**Data**
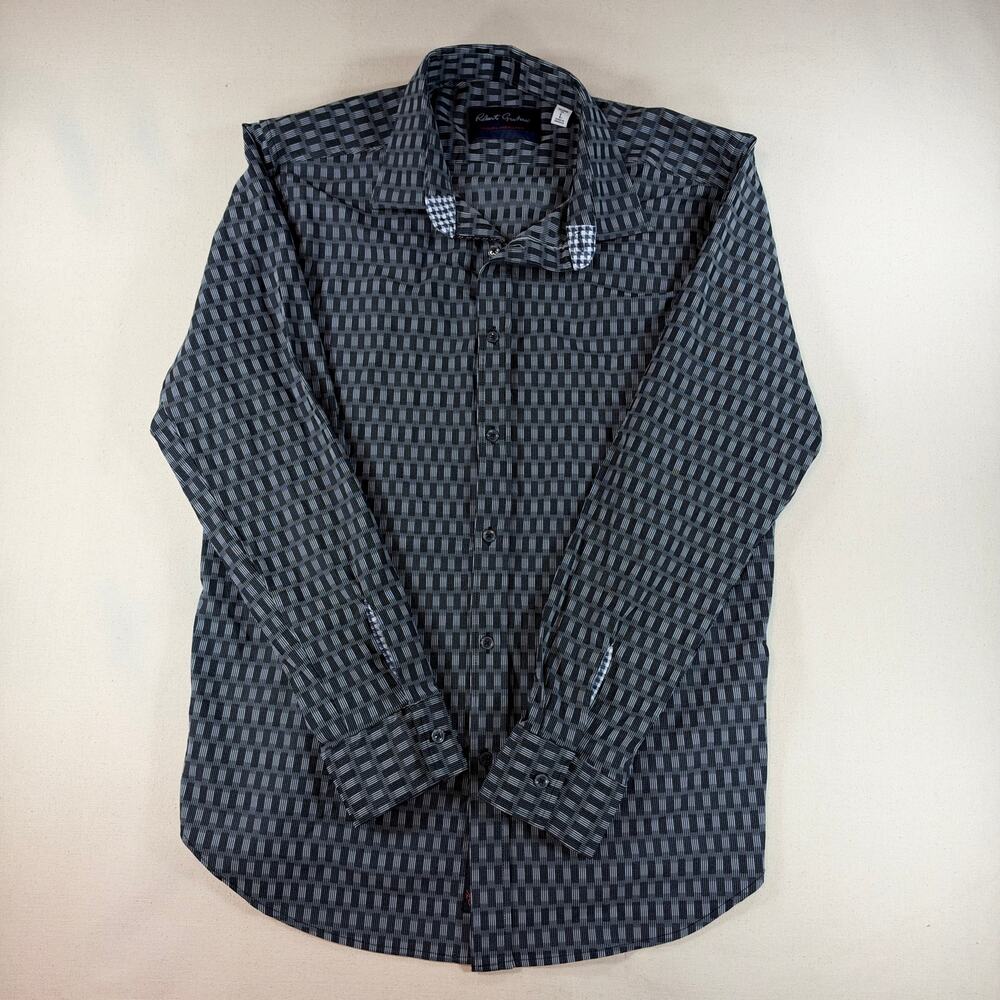 Robert Graham Modern Americana Men's Black White Geometric Long Sleeve Shirt L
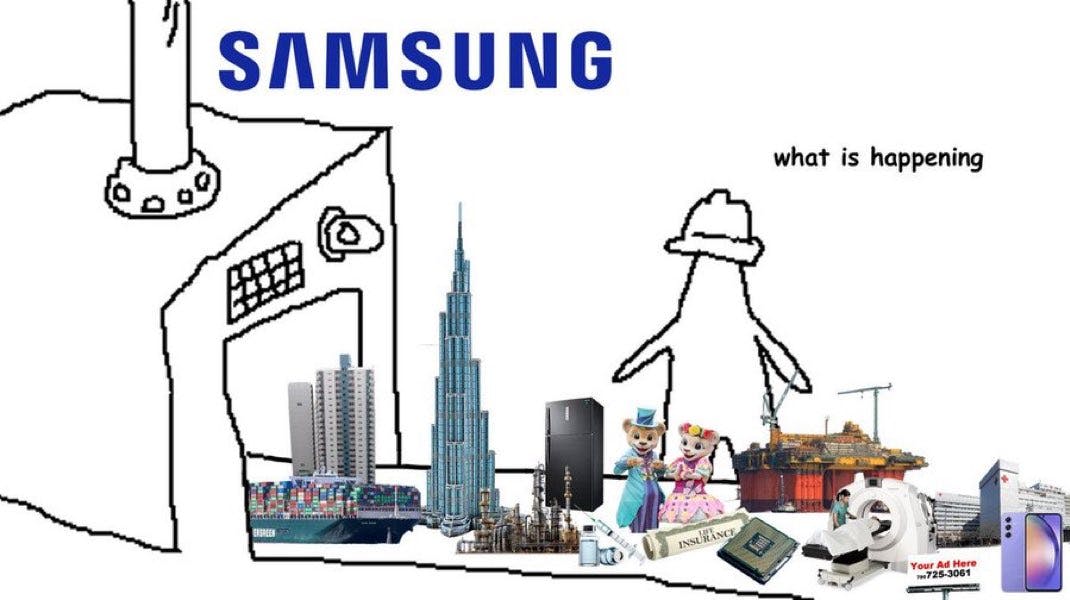 samsung triangle factory meme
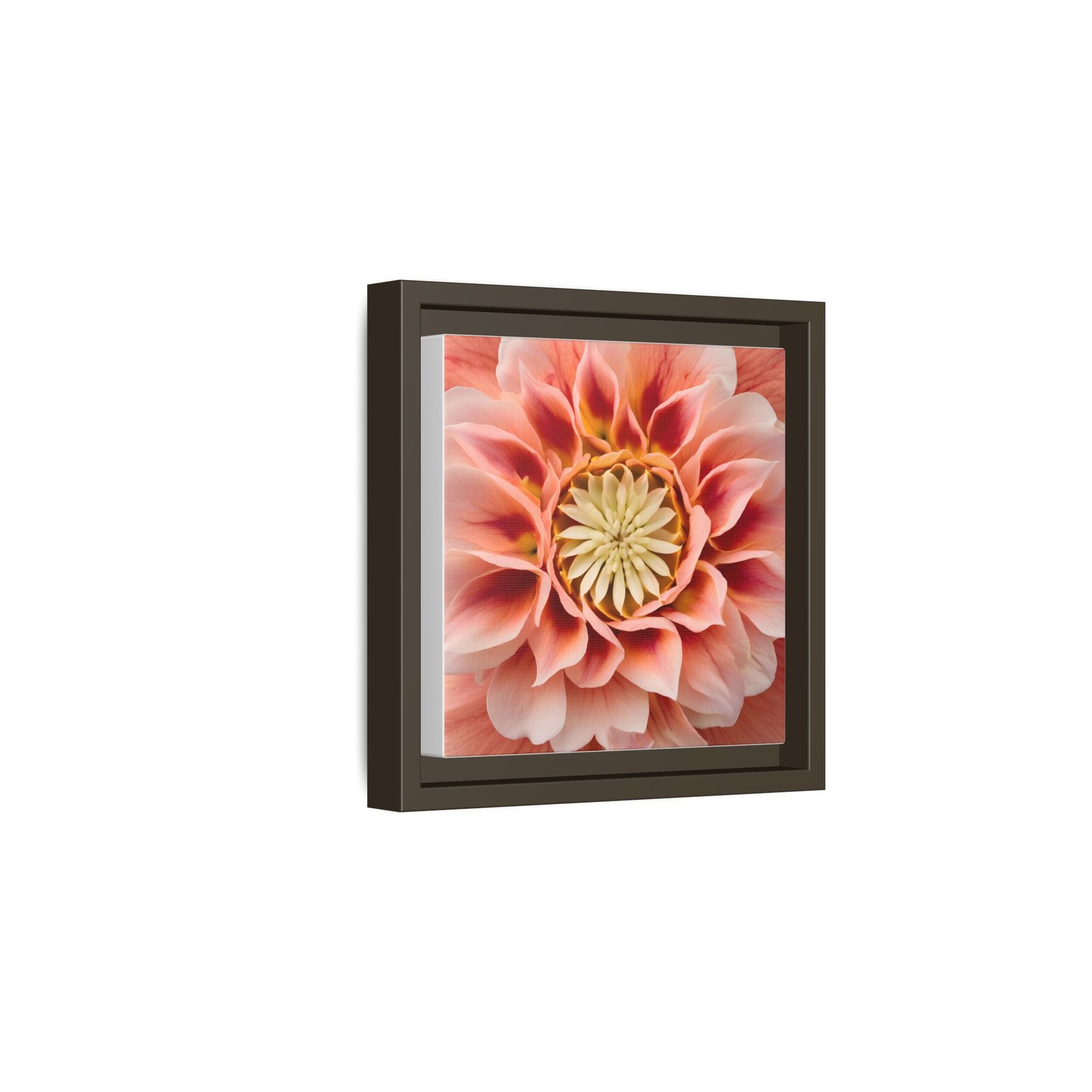 IS_4870 Framed Peach Dahlia Floral Wall Art — Matte Canvas Square - Image 8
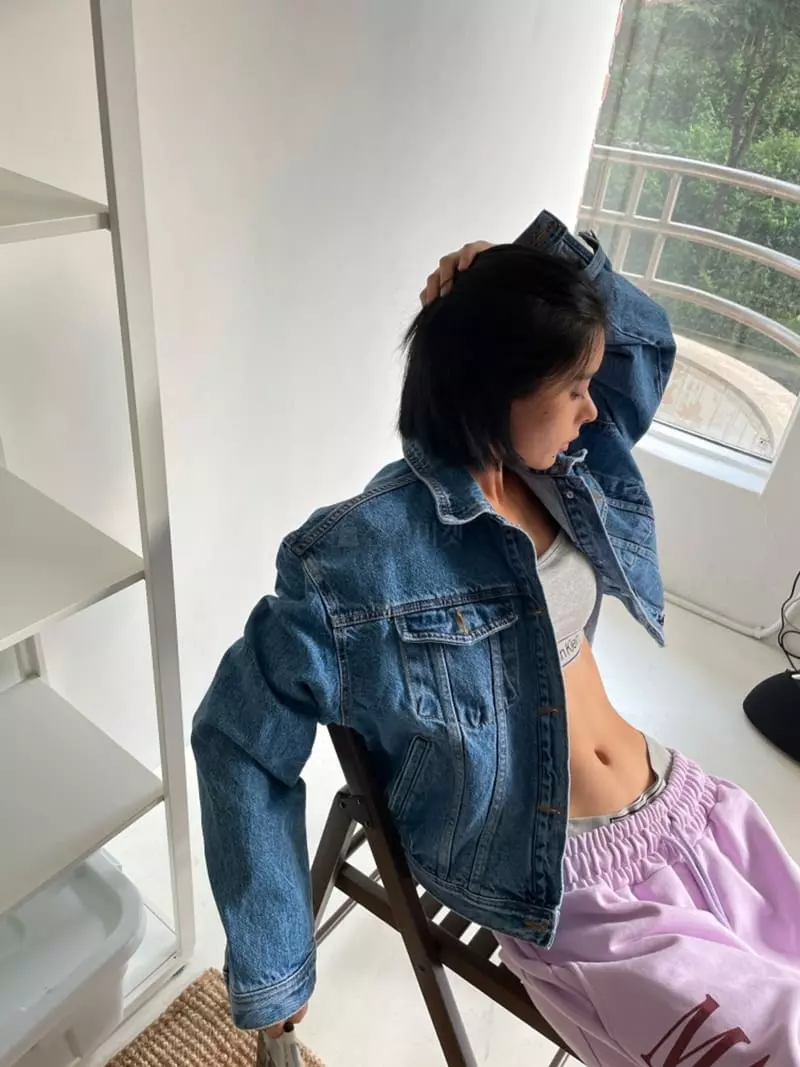 Almond Pepe - Korean Women Fashion - #momslook - Basic Denim Jacket - 3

**Work instruction**
In transcribing the lines above, omit the images and keep all else exact.

**Answer for this exercise**
 Robert Graham Modern Americana Men's Black White Geometric Long Sleeve Shirt L
 samsung triangle factory meme
 IS_4870 Framed Peach Dahlia Floral Wall Art — Matte Canvas Square - Image 8
 Almond Pepe - Korean Women Fashion - #momslook - Basic Denim Jacket - 3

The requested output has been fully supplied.